Your output should be everything below from the line containing "Lancia Ypsilon 1.0" down to the line containing "Apartamento com 63m², 2", both ends included, copied exactly, with pictures left out.

## Data to examine

+ + + +

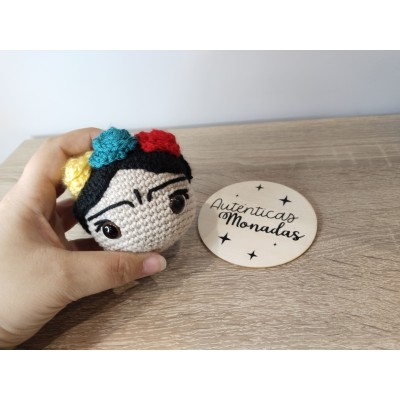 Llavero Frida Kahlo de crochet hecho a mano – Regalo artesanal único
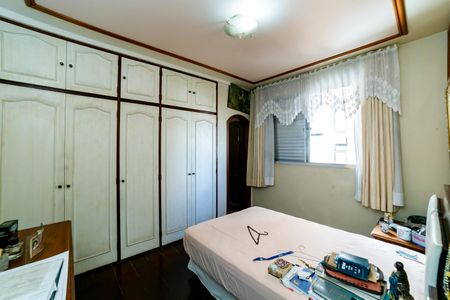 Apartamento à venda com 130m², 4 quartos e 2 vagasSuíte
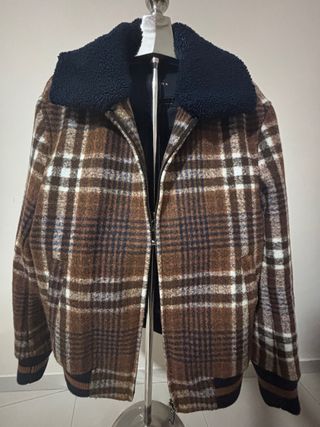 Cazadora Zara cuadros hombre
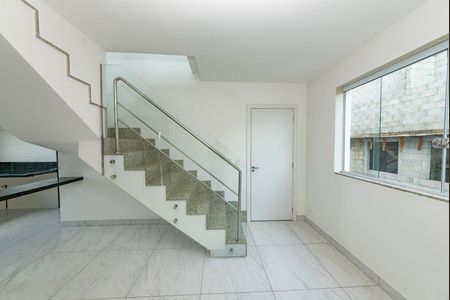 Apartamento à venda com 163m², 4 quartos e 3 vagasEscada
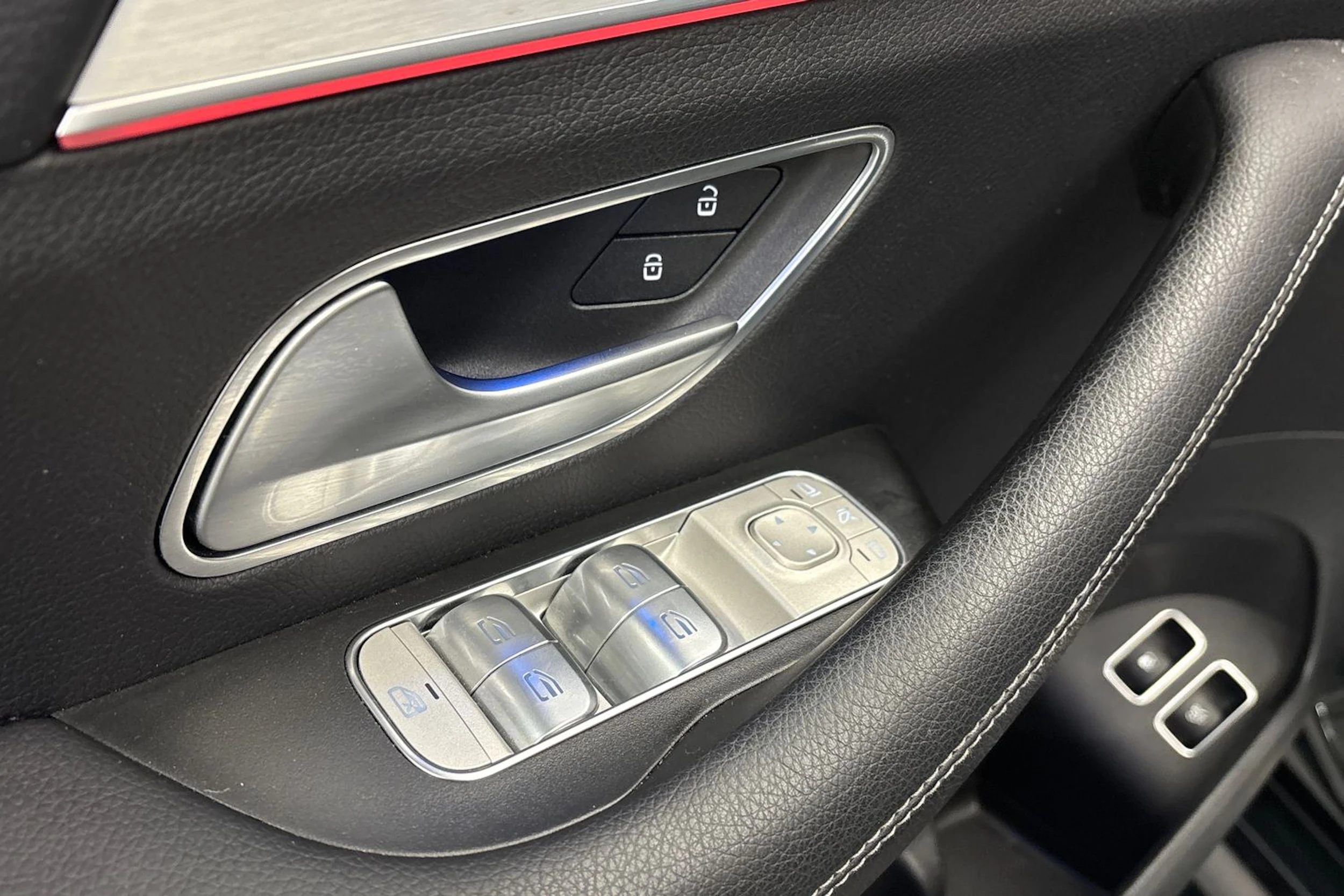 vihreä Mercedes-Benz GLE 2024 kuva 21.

+ + + +

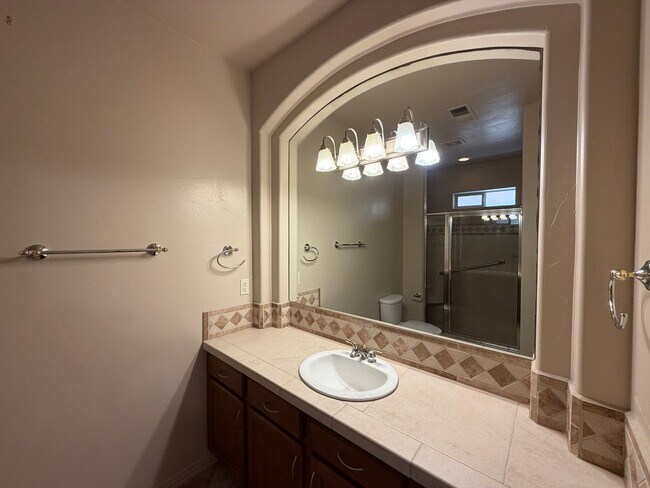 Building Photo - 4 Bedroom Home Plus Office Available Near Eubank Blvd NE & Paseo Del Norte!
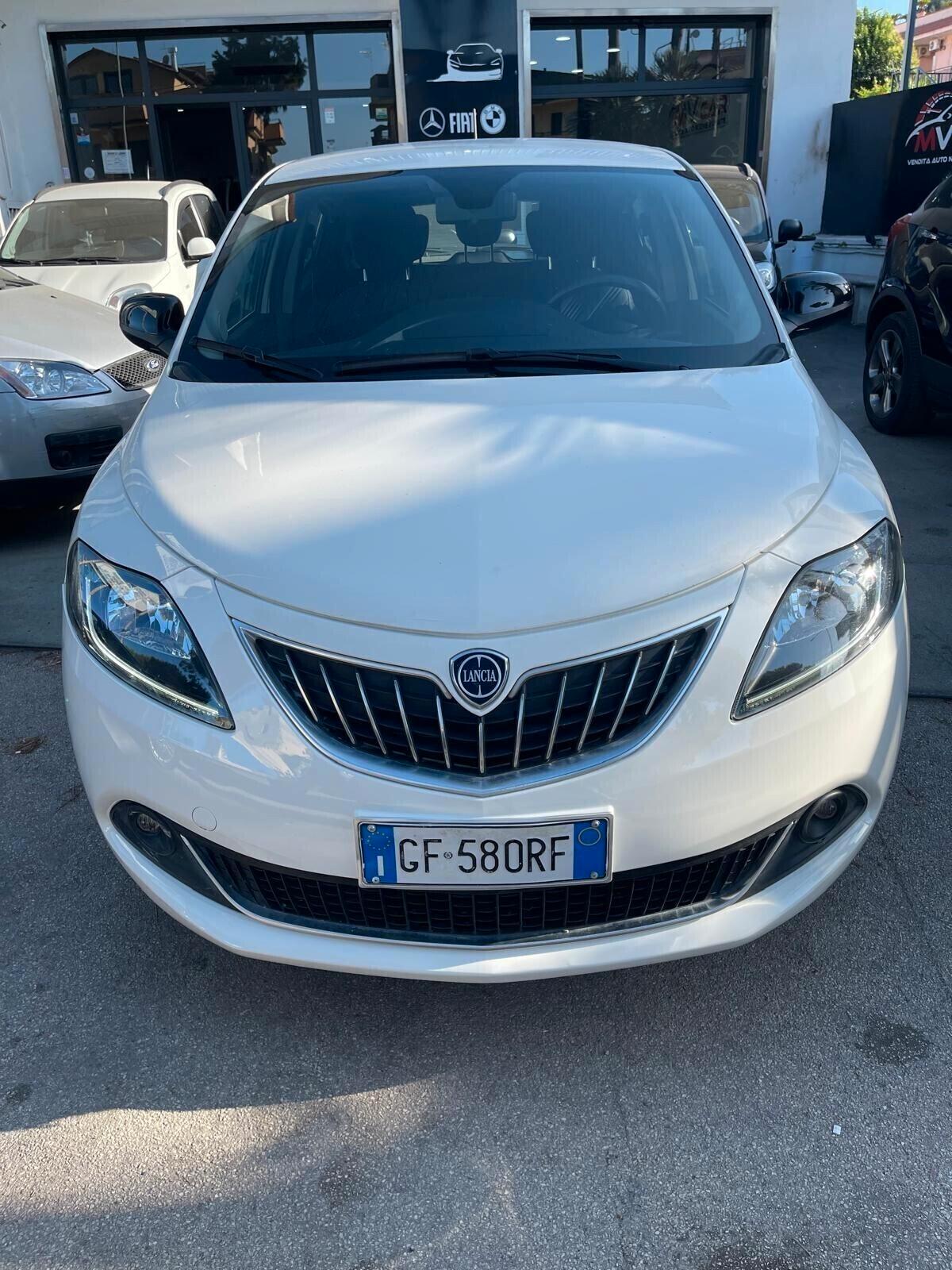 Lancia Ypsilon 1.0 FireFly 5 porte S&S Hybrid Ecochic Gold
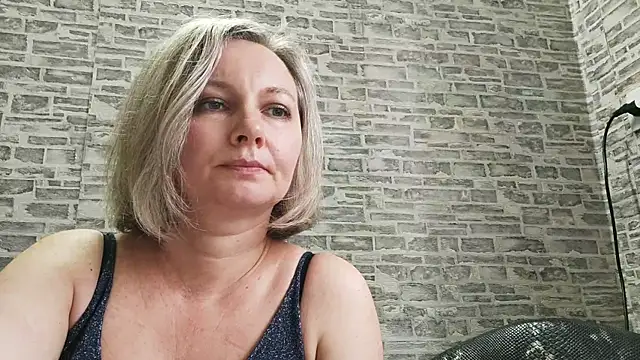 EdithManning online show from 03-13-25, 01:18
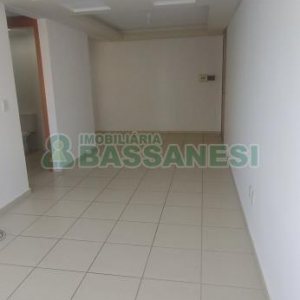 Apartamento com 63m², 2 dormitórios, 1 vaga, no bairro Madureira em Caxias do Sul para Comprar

+ + + +

## Your solution
 Lancia Ypsilon 1.0 FireFly 5 porte S&S Hybrid Ecochic Gold
 EdithManning online show from 03-13-25, 01:18
 Apartamento com 63m², 2 dormitórios, 1 vaga, no bairro Madureira em Caxias do Sul para Comprar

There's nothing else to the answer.